The model types Storm supports can be categorized along two dimensions. First, the *notion of time* in a model may be either discrete (or “time-abstract”) or continuous. While the former formalizes time as discrete steps, time in the latter flows continuously. Second, models may contain *nondeterminism*. That is, there are choices that are resolved nondeterministically in the sense that there is no information about a likelihood of the involved choices. Rather, any possible resolution has to be taken into account when reasoning about such systems. Typical sources of nondeterminism include scheduling freedom (as found in distributed systems), abstraction and underspecification. In the following, we briefly describe each model type.

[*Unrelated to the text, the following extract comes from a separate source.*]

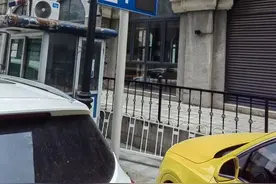 高中生一眼发现路牌上英文错误：是“2nd”不是“2st”……图片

## Models without nondeterminism

### Discrete-time Markov chains (DTMCs)

In a discrete-time Markov chain, every state is equipped with a probability distribution over successor states. That is, whenever the system is in a particular state, a random experiment is conducted to determine the state the system moves to in the next step. Here, time proceeds in a discrete manner: the steps the system takes are counted by the non-negative integers.

### Continuous-time Markov chains (CTMCs)

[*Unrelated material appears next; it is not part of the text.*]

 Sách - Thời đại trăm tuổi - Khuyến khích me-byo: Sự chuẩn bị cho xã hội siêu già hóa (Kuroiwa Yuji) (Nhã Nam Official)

If the time in the model flows continuously and it is important to preserve this timing in the model, CTMCs can capture this. Just like in a DTMC, there is a probability distribution over successor states in each state. Additionally, every state is equipped with an *exit rate* lambda, that governs the sojourn time in that state. More specifically, the time spent in the state is negatively exponentially distributed with rate lambda.

## Models with nondeterminism

### Discrete-time Markov decision processes (MDPs)

Markov Decision processes extend DTMCs with nondeterministic choice. If the system is in state s, first a nondeterministic choice over the actions available in s (the *enabled* actions) is taken. Then, the successor state is chosen probabilistically according to the probability distribution associated with the selected action.

### Markov automata (MAs)

Markov automata essentially combine the features of CTMCs with MDPs. The states in an MA fall into one of three categories. *Probabilistic states* are just like the states of an MDP, i.e. there is a nondeterministic choice over probability distributions. *Markovian states* are like the states of a CTMC in that there is just one probability distribution over successor states, but the system will stay in these states for a negatively exponentially distributed delay. Finally, *hybrid states* have both, a nondeterministic choice over probabilistic choices as well as the possibility to stay in the state for some time and then pick the successor according to a certain probability distribution.